グレン・ミラー搭乗機、英海峡上で消息絶つ──軍は捜索続行も生還望み薄と発表

グレン・ミラー

【ロンドン 12月15日】

アメリカ陸軍航空軍は本日、人気楽団長グレン・ミラー少佐が搭乗していた小型航空機が、ヨーロッパ慰問公演に向かう途中で行方不明になったと発表した。乗員はミラー少佐を含む3名。機体はイギリス南部からフランスへ向けて飛び立ったが、悪天候下で通信が途絶え、その後は目撃情報も確認されていない。

ミラー少佐は、戦地の兵士の士気高揚を目的とした慰問演奏のため、フランス・パリ入りする予定だった。

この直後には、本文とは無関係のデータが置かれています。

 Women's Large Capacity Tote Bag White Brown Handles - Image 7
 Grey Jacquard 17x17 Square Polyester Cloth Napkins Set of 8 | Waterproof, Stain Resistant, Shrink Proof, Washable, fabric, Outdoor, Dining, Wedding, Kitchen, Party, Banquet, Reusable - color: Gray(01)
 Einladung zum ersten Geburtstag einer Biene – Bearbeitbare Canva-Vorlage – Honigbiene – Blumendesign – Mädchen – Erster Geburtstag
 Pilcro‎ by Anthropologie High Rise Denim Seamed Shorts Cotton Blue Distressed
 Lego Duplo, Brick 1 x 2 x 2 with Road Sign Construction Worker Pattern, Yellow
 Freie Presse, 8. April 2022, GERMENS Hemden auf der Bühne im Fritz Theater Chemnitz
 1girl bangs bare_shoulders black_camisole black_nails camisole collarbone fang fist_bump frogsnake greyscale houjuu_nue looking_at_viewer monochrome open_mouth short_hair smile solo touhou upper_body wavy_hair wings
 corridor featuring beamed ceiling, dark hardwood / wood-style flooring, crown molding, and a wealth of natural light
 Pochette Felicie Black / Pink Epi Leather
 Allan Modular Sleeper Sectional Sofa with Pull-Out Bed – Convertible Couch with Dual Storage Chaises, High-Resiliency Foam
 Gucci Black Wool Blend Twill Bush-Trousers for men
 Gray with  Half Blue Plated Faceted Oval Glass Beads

軍関係者によれば、当時イギリス海峡は濃霧と強風に見舞われ、「視界不良による事故の可能性が極めて高い」という。捜索はすでに海峡全域で行われているが、現時点で残骸や救命具などは発見されていない。

スウィング音楽の第一人者として世界的な人気を誇るミラー少佐は、軍服姿で演奏する独自のスタイルと軽快なアレンジで知られ、兵士からも圧倒的な支持を受けていた。訃報が確定したわけではないものの、ロンドン市内では早くも沈痛な空気が漂い、多くのファンが音楽店に集まり代表曲を流して祈りを捧げる姿も見られた。

アメリカ軍は「捜索は継続する」としつつも、現状では生還の可能性はきわめて低いと認めている。正式な死亡認定は今後の調査を経て発表される予定で、軍高官の間では早ければ数日以内との見方もある。